5 Big Tips for a Carbon Friendly Christmas

How deep is your Christmas carbon footprint? If you’re looking to have a green holiday and save the climate by saving on fuel, we have some tips for you.

This is serious business. The year 2016 is going into the record books for crossing several key thresholds for climate change, according to a number of experts. August 2016 was the warmest August in 136 years of modern record-keeping, according to NASA. The Arctic is seeing record low sea ice this year, which is devastating the natural habitats of polar bears and contributing to steady sea level rise. On the other end of the planet, an unprecedented 70-mile crack has opened up in Antarctica. It has the potential to create an ice berg the size of Delaware.

1 Million Tons of Waste for the Holidays

The amount of household trash in the United States generally increases 25 percent between Thanksgiving and New Year’s Day. About 1 million extra tons of waste ends up in landfills, according to the U.S. Environmental Protection Agency.

So what can you do to help? While it may seem that your carbon footprint is shrinking — holiday traffic to retail outlets has plunged, more and more people stay home to watch Netflix and Hulu instead of venturing out to the Cineplex – every action can have an equal and opposite reaction (Newton’s Third Law of Physics).

The products you order on Amazon require a legion of workers, truckers and myriad forms of transportation (land, sea and air) to get to your door. Increasingly, those fuel expenditures often seem to be dedicated to one package per delivery per order based on availability. So just because you’re driving less doesn’t mean there is less driving.

But we don’t want you to go without. So in that spirit, we offer these tips to help “green” your Christmas, Hanukkah, Kwanzaa or other holiday gathering without making you suffer.

  1. Make Your Thermostat Smarter – There are no shortage of apps and systems to make your home and thermostat smarter so you can turn up the heat (or the air conditioning, depending on what part of the country you’re in) from the office or as you’re heading home in your car. Some even help by reading the current temperature and weather predications.
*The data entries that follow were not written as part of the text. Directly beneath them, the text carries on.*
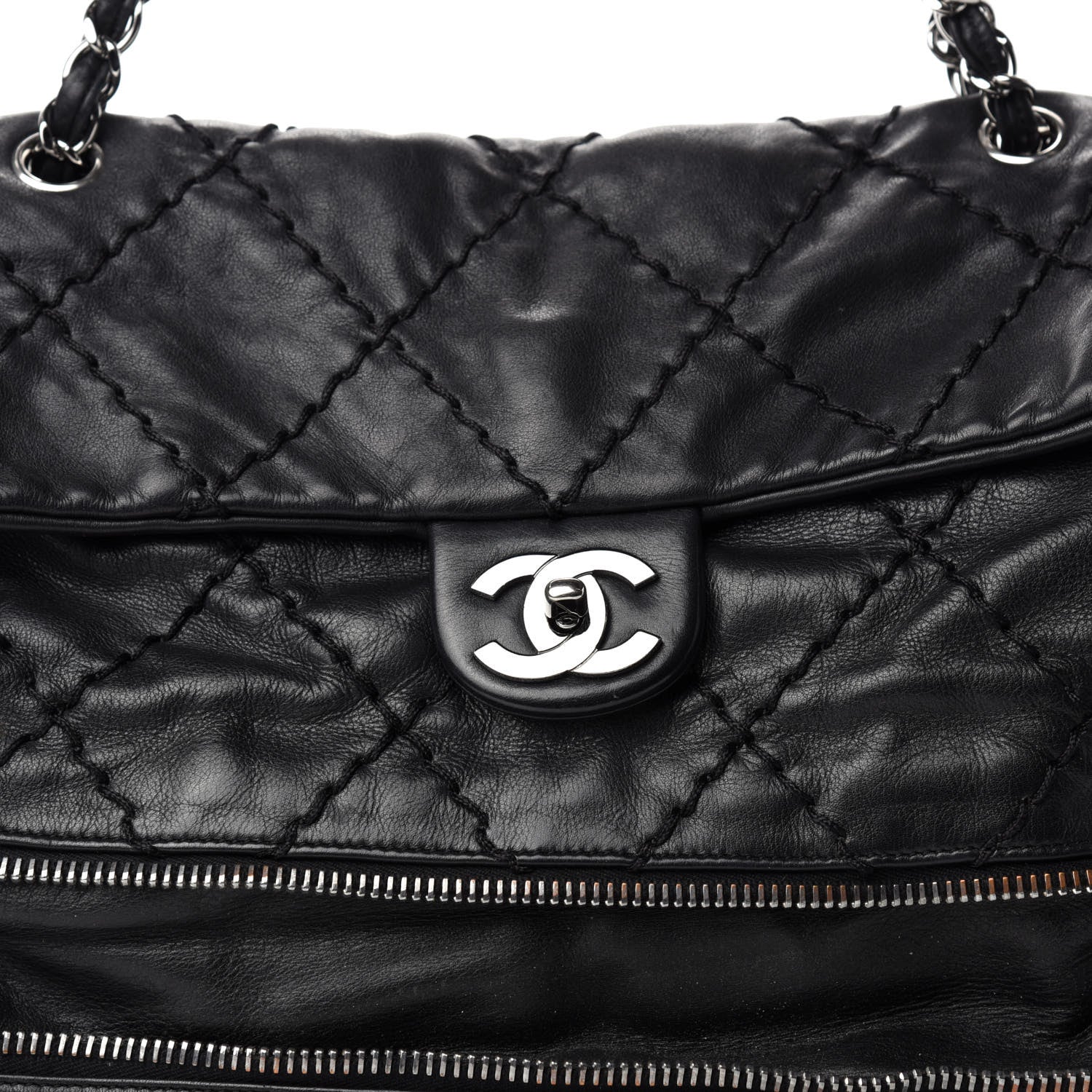 Chanel Calfskin Stitched Large Expandable Flap Bag Black 16 of 16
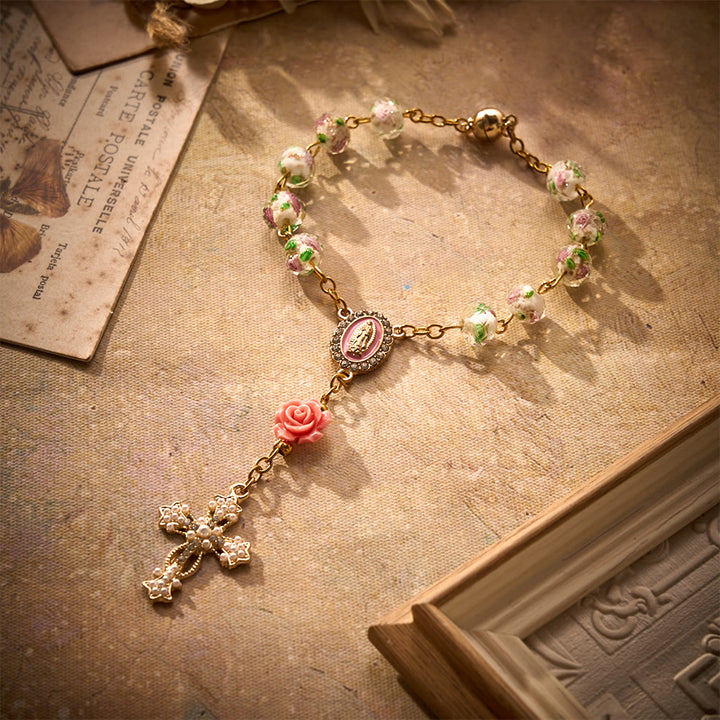 SolaceBeads Floral Lampwork Car Rosary With Rose &amp; Magnetic Clasp: Romantic Grace - image 9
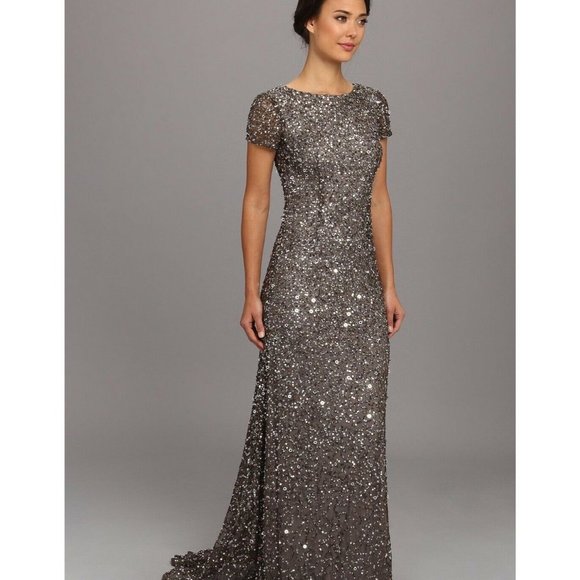 NEW $248‎ Adrianna Papell Short Sleeve Sequin Mesh Gown in Lead [ Size 4 10 ] - Picture 13 of 14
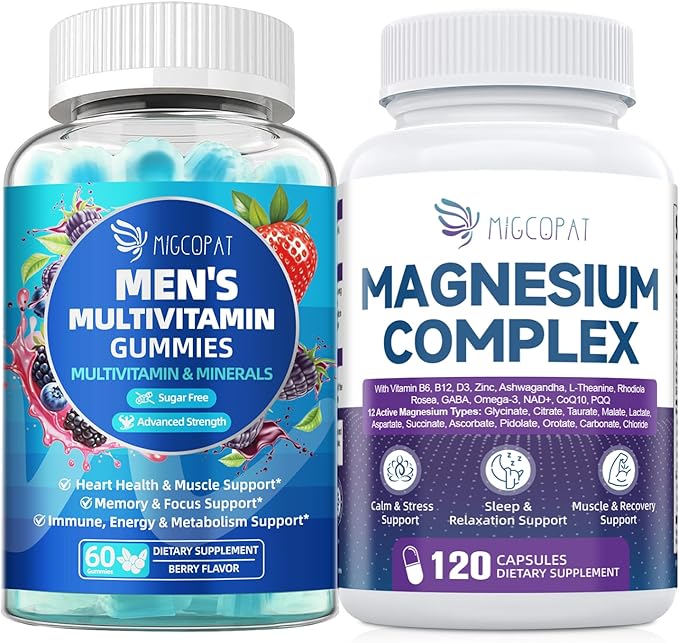 Men’s Daily Supplement Bundle (2 Pack) – Multivitamin Gummies &amp Magnesium Complex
The key is not to be heating (or cooling) your home unnecessarily when you’re not there.
  2. Buy a Living Christmas TreeNASA has done the math, and a real tree really does have a much lower carbon footprint than a plastic one. How? Here’s NASA’s reasoning: “Farmers grow trees especially for the holidays. They plant huge tracts of land in beautiful noble pines, Douglas firs, blue spruce, and other favorites. It may take 8 to 12 years to grow a good sized tree. But during that time, the tree is taking in carbon dioxide and releasing oxygen. It is cleaning the air and helping slow climate change. If people didn’t buy the cut trees, the farmers wouldn’t plant them.”
  3. Keep It Local – This is simple. Whether they’re flown or driven to our home, it takes more resources for imported goods to reach our homes and offices. Buying local products cuts carbon emissions while boosting the local economy. Locally grown organic produce and manufactured handicrafts really help, particularly if the raw materials are sustainably sourced, like twigs, leaves and pine cones.
  4. Wrap, Recycle, Wrap – or Don’t Wrap at All – Do you really need to wrap that gift? Especially if you’re not giving it to a child, and especially if it’s not going to sit under a Christmas tree for a week or more, is there any reason to wrap that gift? According to the EPA, half of the paper America consumes is used to wrap and decorate consumer products. Many different types of wrapping papers – especially those that are shiny or feel waxy – contain chemical compounds and metals that are particularly unkind to the environment. Some environmentalists suggest using newspapers, brown paper bags or old maps to wrap gifts. Others say wrap but don’t use a box. Instead of using ribbons or bows, adorn gifts with a sprig of evergreen. If you do use ribbons, bows and bags, reuse them next year.
  5. LED Lights – Energy-efficient LED (light-emitting diode) Christmas lights are up to 90 percent more efficient than regular tungsten bulbs. The EPA and numerous experts also stress that they’re far safer and last longer, too. Use automatic timers. That ensures they’ll turn themselves off after you go to bed, saving power and guaranteeing that your carbon footprint won’t be naughty, but nice.